Photoluminescence mechanism of carbon dots: triggering high-color-purity red fluorescence emission through edge amino protonation
Recently, Prof. Xiaoxia Zhong and her research partner published a research article titled “Photoluminescence mechanism of carbon dots: triggering high-color-purity red fluorescence emission through edge amino protonation” in Nature Communications, a high impact international journal.
Fig.1 Mechanism of the red PL emission of the CDs.
Due to complex structure and surface functionalities, photoluminescence mechanisms of Carbon Dots are unknown, and it is challenging to synthesize Carbon Dots to achieve the desired optical properties.
Herein, Carbon Dots simultaneously exhibit high-colour-purity (FWHM~24 nm) long-wavelength one-photon fluorescence emission at 620 nm and NIR induced two-photon fluorescence emission at 630 and 680 nm are prepared by edge amino protonation treatment. Systematic analysis reveals that the protonation of 2,3-diaminophenazine changes the molecular state of Carbon Dots, decreases the photon transition band gap, and triggers red fluorescence emission with the dramatically narrowed peak width.

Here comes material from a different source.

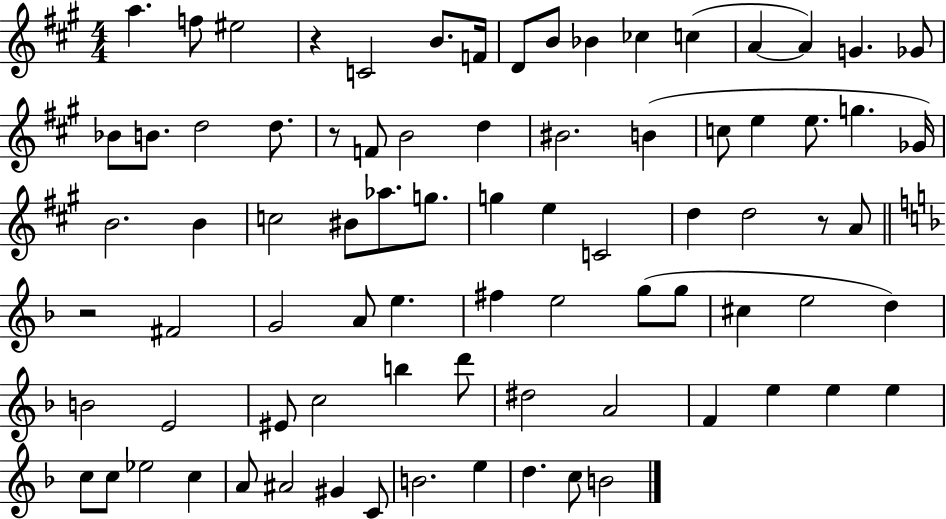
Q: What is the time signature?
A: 4/4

As the oxidation products of reactant o-phenylendiamine, the emergence of 2,3-diaminophenazine as a photoluminescence determiner suggests that fluorophore products of precursor conversion are viable determinants of the desired luminescence properties of Carbon Dots.

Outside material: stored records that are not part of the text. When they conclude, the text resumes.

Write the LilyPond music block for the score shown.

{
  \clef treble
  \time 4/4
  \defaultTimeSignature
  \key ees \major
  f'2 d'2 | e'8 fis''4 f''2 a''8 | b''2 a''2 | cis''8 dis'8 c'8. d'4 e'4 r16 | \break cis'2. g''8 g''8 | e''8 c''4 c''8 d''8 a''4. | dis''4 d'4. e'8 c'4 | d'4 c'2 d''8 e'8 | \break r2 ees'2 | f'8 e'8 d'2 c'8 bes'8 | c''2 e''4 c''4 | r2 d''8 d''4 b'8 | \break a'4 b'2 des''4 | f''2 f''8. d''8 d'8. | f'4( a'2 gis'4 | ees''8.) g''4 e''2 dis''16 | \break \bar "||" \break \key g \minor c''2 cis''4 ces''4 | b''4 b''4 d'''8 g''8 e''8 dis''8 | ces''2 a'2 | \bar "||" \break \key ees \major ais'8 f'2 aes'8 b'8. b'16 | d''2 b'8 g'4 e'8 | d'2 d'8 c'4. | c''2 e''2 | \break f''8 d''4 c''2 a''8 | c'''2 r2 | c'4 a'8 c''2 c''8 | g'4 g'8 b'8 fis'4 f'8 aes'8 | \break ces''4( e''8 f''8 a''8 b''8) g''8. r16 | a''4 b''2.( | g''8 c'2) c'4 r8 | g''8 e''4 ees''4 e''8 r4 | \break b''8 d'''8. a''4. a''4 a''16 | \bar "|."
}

Here, we show a new way for predicting and controlling photoluminescence properties of Carbon Dots, and may guide the development of tunable Carbon Dots for a broad range of applications.
In this work, postdoctor Qing Zhang is the first author and co-corresponding author. Prof. Xiaoxia Zhong is the corresponding author. The cooperator Prof. Kostya (Ken) Ostrikov comes from Queensland University of Technology. This research is supported by the National Natural Science Foundation of China (Grant No. 12175141) Natural Science Foundation of Shanghai(Grant No. 21ZR1435200), National Key Research and Development Program of China (Grant No. 2018YFA0306304) received by X.X.Z. and China Postdoctoral Science Foundation (Grant Nos.2020TQ0197) received by Q. Z.